By SIMON ASHWORTH Chief Operating Officer, Association of Employment and Learning Providers
Subcontractors account for more than 10 per cent of ESFA funding. They need overseeing properly, says Simon Ashworth
It was good to see the ESFA’s Peter Mucklow in edition 306 of FE Week confirming government recognition that subcontracting plays an important role and that there will be not be a complete ban on it.
Some interesting numbers were published as part of the ESFA’s consultation: 674 prime providers subcontract provision to 2,288 subcontractors. The total value of subcontracted provision is £484.5 million – or 10.6 per cent of total ESFA funding. These are big numbers, so it’s no wonder the regulators are keen to ensure appropriate oversight, quality and robustness of provision.
Unfortunately, the ESFA has yet again missed a trick – by failing to implement a cap on fees and charges which could address ‘profiteering’ from subcontracting. They make it clear, though, that they “do not expect funding retained to exceed 20 per cent”, and have linked this to two points previously raised by the Association of Employment and Learning Providers (AELP). Firstly, if more than 20 per cent of the funding is retained, it raises questions about the capacity of the subcontractor to deliver. Secondly, can good quality can be achieved when funding is so reduced?
Apprenticeship subcontracting has already been reformed with the removal of whole programme subcontracting. And the opening up of the Apprenticeship Service to non-levy employers will allow hundreds of providers on the main Register of Apprenticeship Training Providers (RoATP) to access funding directly, without a non-levy contract.
This will impact on those subcontracting relationships – study programmes, traineeships, adult education – which have hitherto been unable to obtain funding. In the case of AEB, a move to full procurement which rewarded prime providers and subcontractors that actually deliver would also reduce the need for subcontracting.
The proposals around geographical restrictions are attracting the most questions from providers. The “no more than one hour away from the prime contractor by car” pledge begs a question: if a prime provider is undertaking the minimum checks as required by the funding rules, then distance should make no difference in terms of oversight of the relationship. What matters, surely, is that properly checked subcontractors might be based miles from their primes while learners might be on their doorstep.

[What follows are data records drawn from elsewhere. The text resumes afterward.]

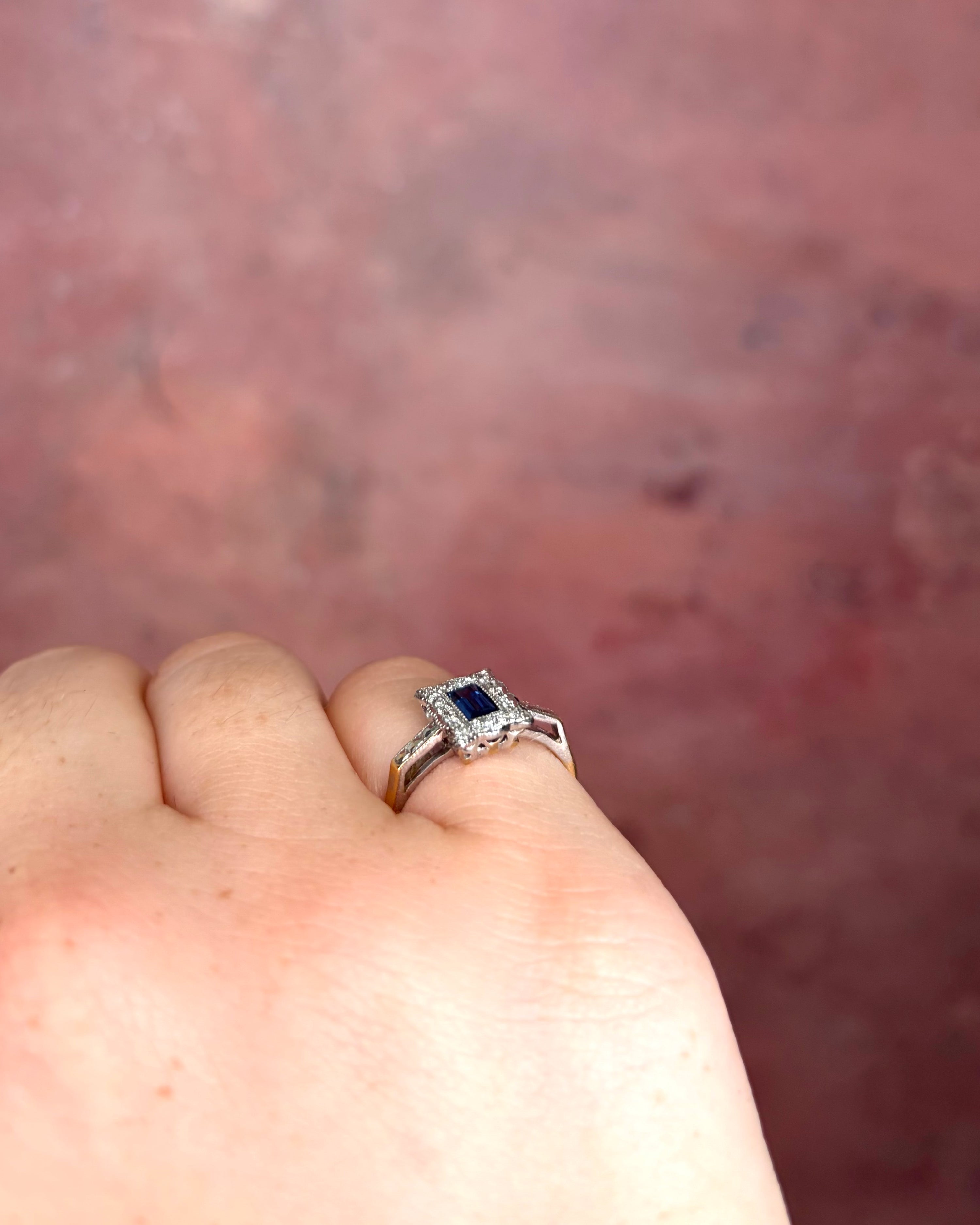 Anillo Art Déco con zafiro de 0.30 quilates y diamantes «Céline»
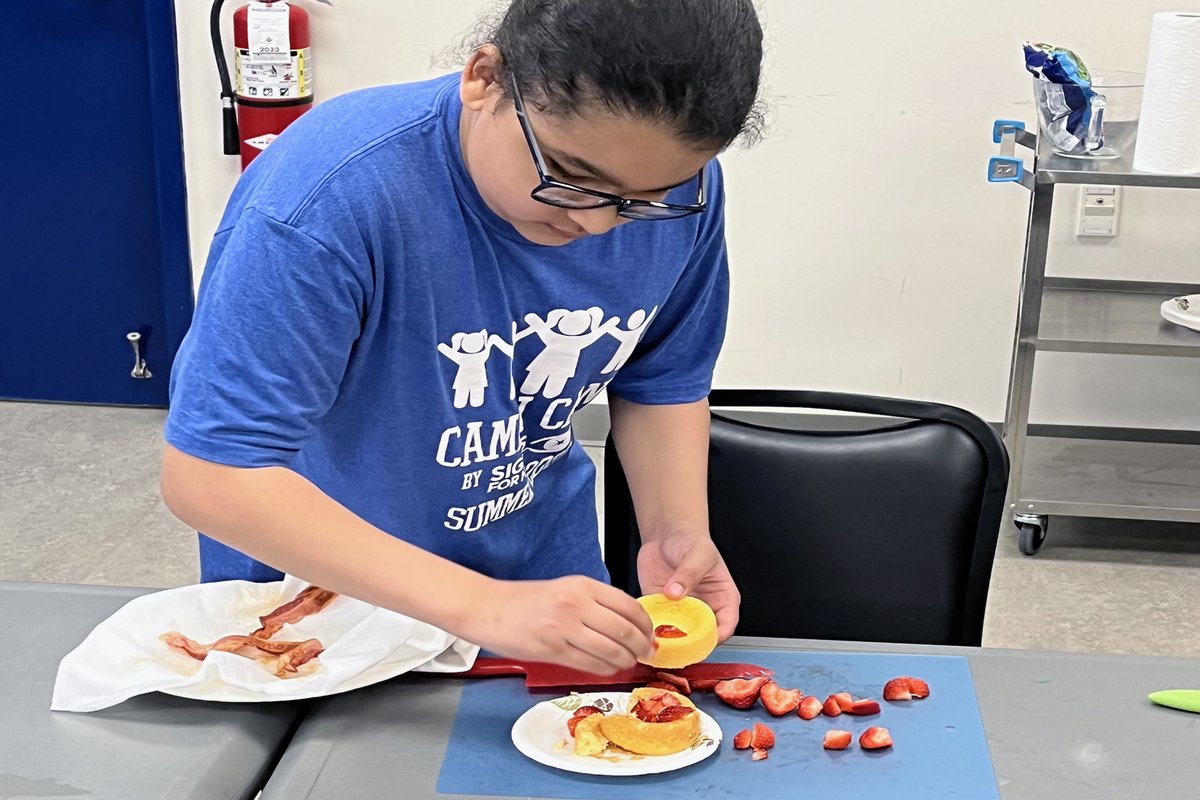 SightsforHope's tweet photo. A firetruck, a sleepover at an amusement park, bacon and Brussels sprouts, community service, and a puppy named Ernie. Here are more pictures from the closing week of our Camp I CAN! summer program. #SightsforHope #SeizeIndependenceNow #guidedogs #Erniethepuppy https://t.co/i9R9b8rSR4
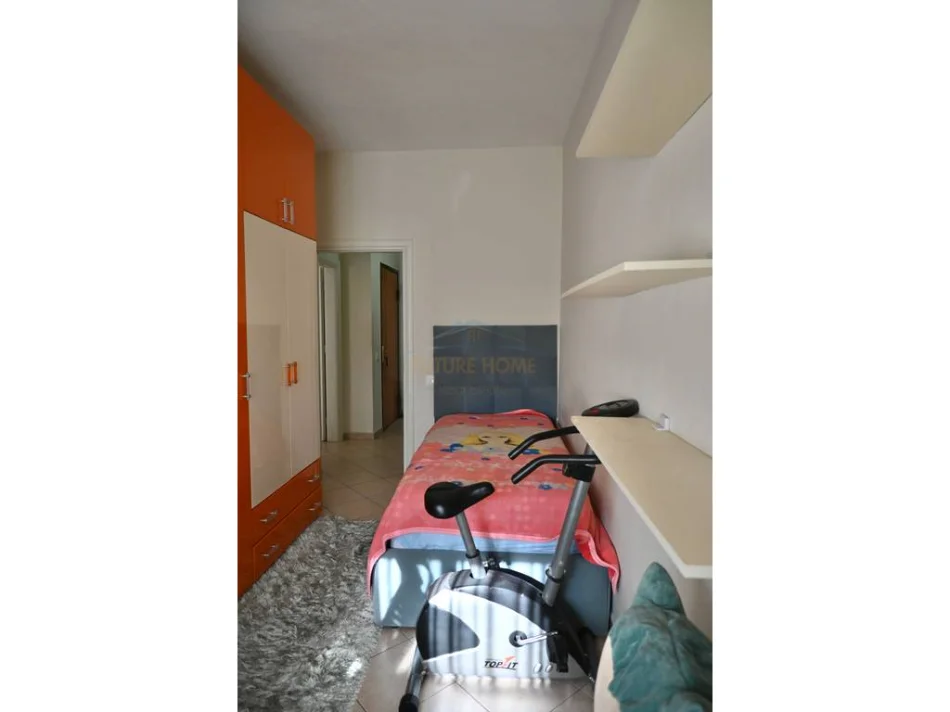 Tirane, jepet me qera apartament 2+1+Ballkon Kati 5, 75 m² 650 € (rruga irfan tomini)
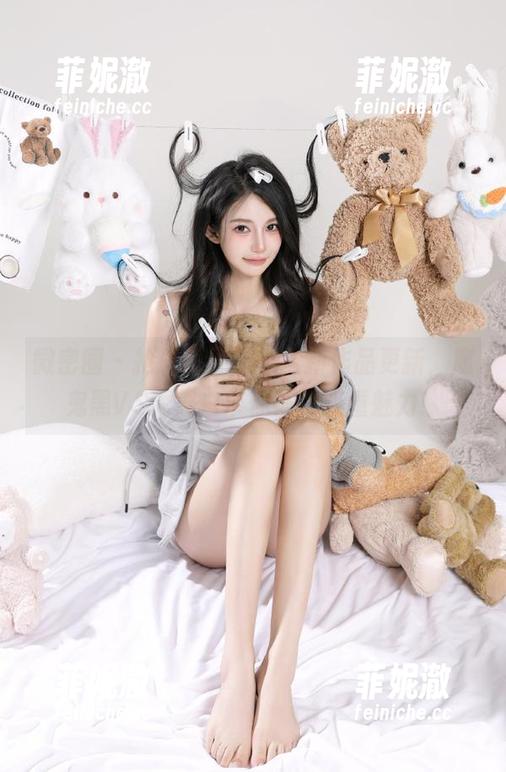 微密圈 - 抢先看周妍希全新作品更新，魔鬼黑VS诱惑白带你体验双重魅力！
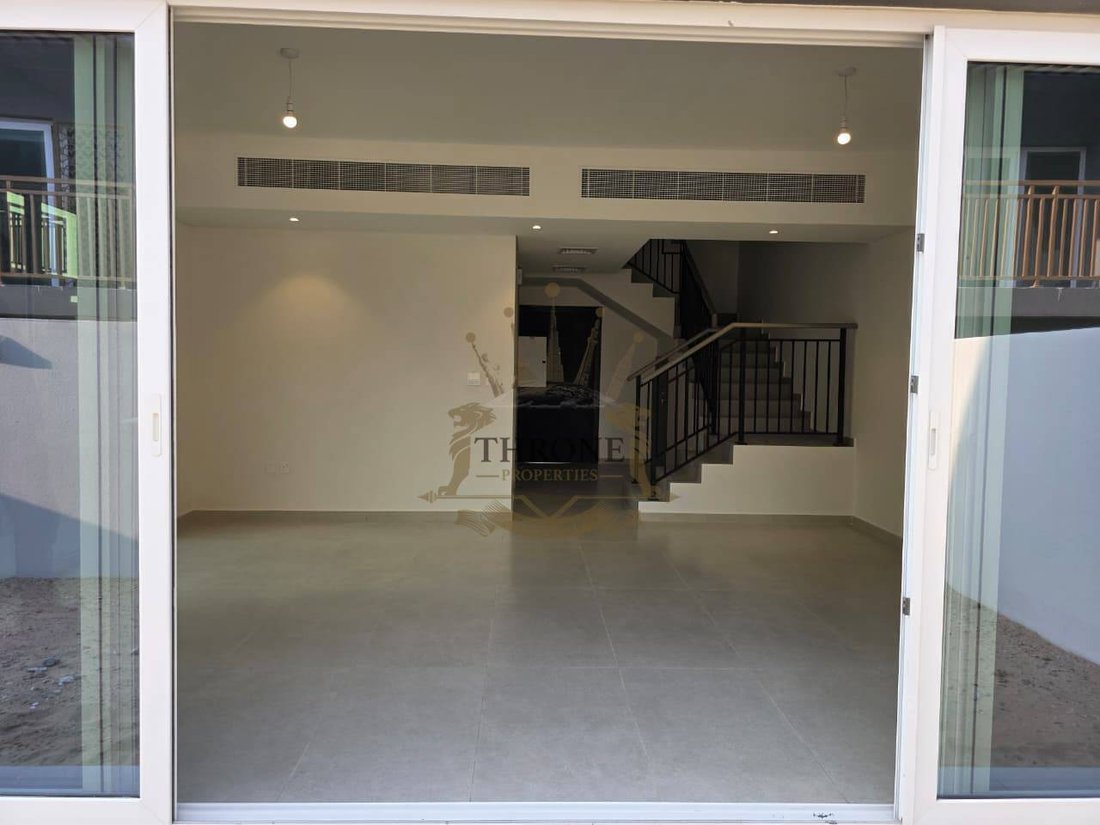 Townhouse in Damac Hills 2, Dubai, United Arab Emirates 4 - 19131010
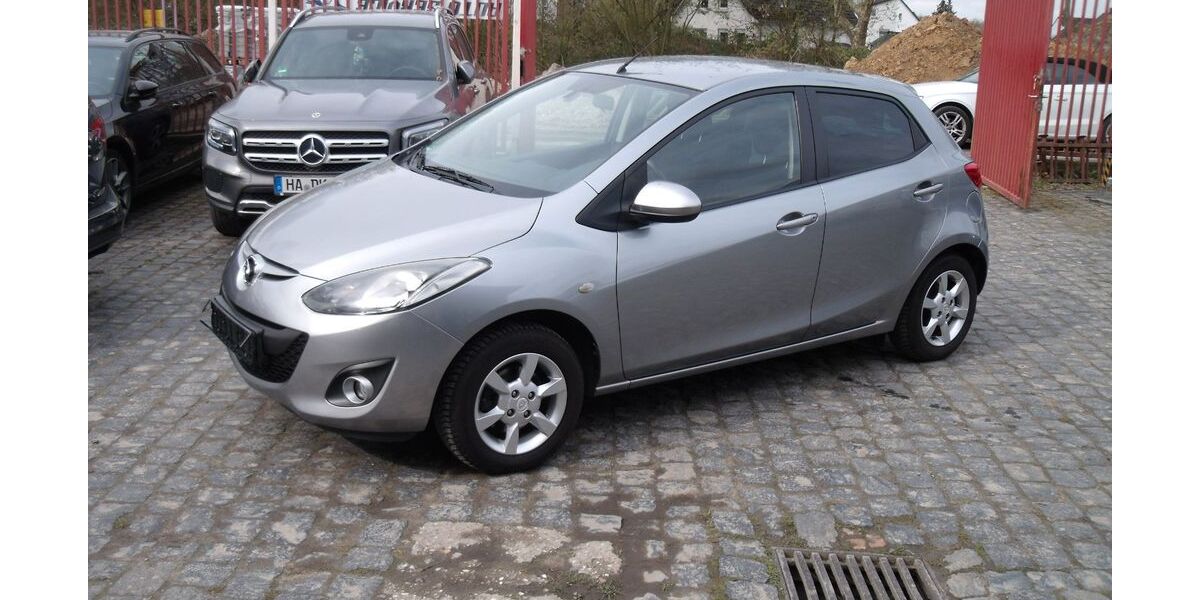 Mazda 2 61.400 km 6.490 &euro; Lünen 44532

The ESFA also acknowledged that when working with national employers, a distance arrangement for subcontracting “is beneficial”. The focus on geographical restrictions is more about ‘out of area’ funding, particularly the expectations and justification of grant funding being spent on subcontracting in other far-flung areas of the country. The test is whether provision is supporting the local community or being used to generate additional income.
To date, Ofsted has chosen not to inspect subcontractors directly, and they recently gave me an example of why: a subcontractor that worked with three prime providers, where two-thirds of the provision was good and a third poor. The underpinning rationale was that two of the prime providers had full and suitable oversight and supported the subcontractor appropriately, while the third prime provider took a management fee and had no oversight. This highlights the importance of considering the role that the prime provider has in the process (rather than looking at subcontractors in isolation). But political pressure will probably require Ofsted to inspect a selection of the larger subcontractors as part of their risk-based approach.
The ESFA certainly don’t like managing agent models, and within the sector there are still examples of providers that operate as managing agents in all but name – subcontracting out comparably large portions of their allocations. The ESFA is now proposing a phased transition from all providers to a subcontracting limit of just 10 per cent of their total ESFA post-16 income in 2023-24.
Again, this will be a real challenge for parts of the sector that have for too long relied on subcontracting. Ultimately if the funding isn’t being used, let’s get it reallocated to providers who can spend it directly.